The São Francisco river and its basin play a key role to the development of Brazil. The São Francisco is the only river that crosses the semi-arid Northeast part of the country without drying up. Its waters shall convey
life and wealth, not death and plight. Lots of national and international money and time, and entire lives of dedicated people have been invested in the development of the region. Now all these efforts are being jeopardized by a single mining project that threatens the region with mass poisoning.
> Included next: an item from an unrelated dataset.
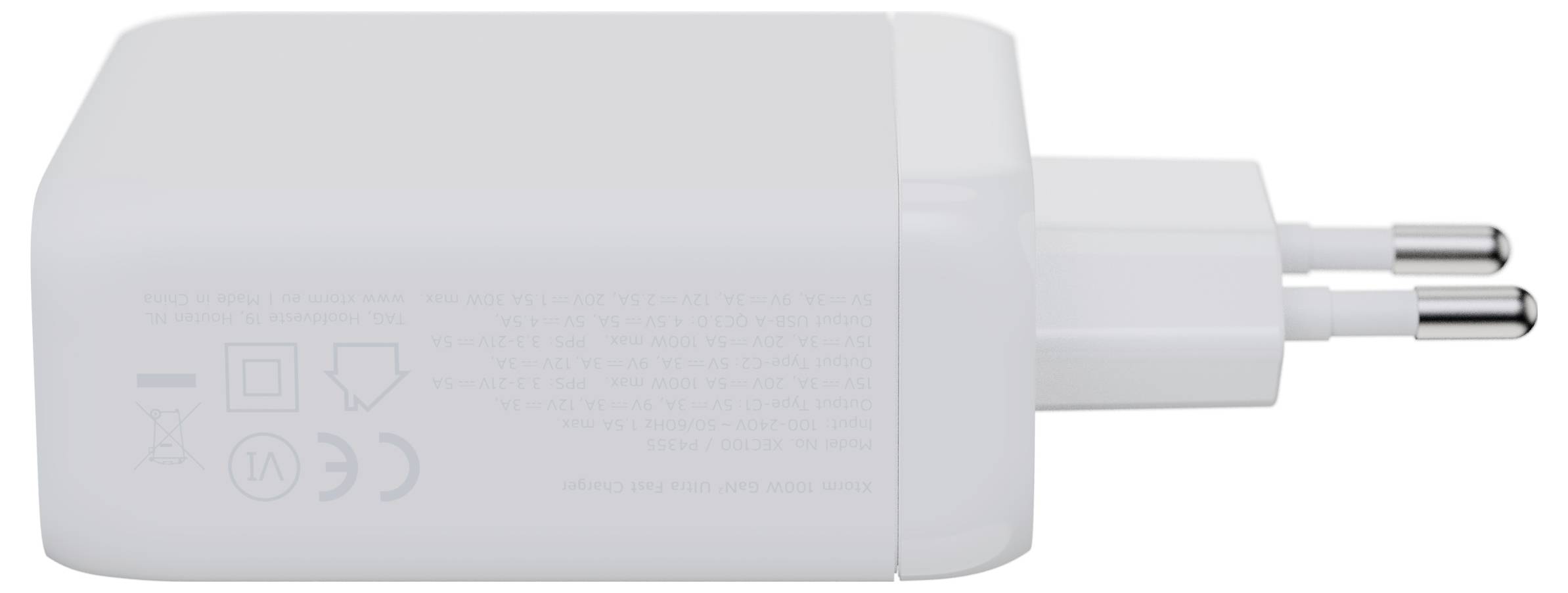 Ein weißes USB-Wandladegerät mit zwei runden Stiften, typischerweise zum Laden elektronischer Geräte in europäischen Steckdosen verwendet.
*We take into account that World Bank considers it as inconvenient to have its name involved as a contributor to the environmental degradation of a city’s water resources and the plight of a whole region, even though World Bank would not admit direct responsibility for the potential chronic
poisoning by arsenic of thousands of people**. *

* *

In 2003, an independent review commissioned by the World Bank (the
Extractive Industries Report, EIR, released November 25), recommends steps
forward in regulating the mining industry, recognizing local people's rights
and implementing “best practice.” **

However many organizations such as Friends of the Earth International believe that the World Bank should withdraw from large-scale mining altogether: “Development finance should instead be used to support job transition, mine closure, reparations payment and alternative solutions such as re-use, recycling and reducing consumption.”

In view of the situation you may think it desirable to have more permanent contact maintained between World Bank, the Minas Gerais state government and the organized Paracatu community *in order to provide financial support to encourage the immediate closure of the Paracatu mine and the obligatory socio-economical and environmental restoration of Paracatu.*

This could be achieved through World Bank’s support in a number of community-based actions:

1. One restoration action should be to set up and fund a comprehensive water production programme for the whole Serra da Anta System, including the Machadinho Valley. This might be accomplished through a concerted action starting with the recognition of the 50,000 hectare Serra da Anta System as an area of public interest for water supply and the conservation of natural resources and endangered people and cultures. This is precisely the aim of the so called “Paracatu Waters Law”, under scrutiny by the Paracatu City Hall.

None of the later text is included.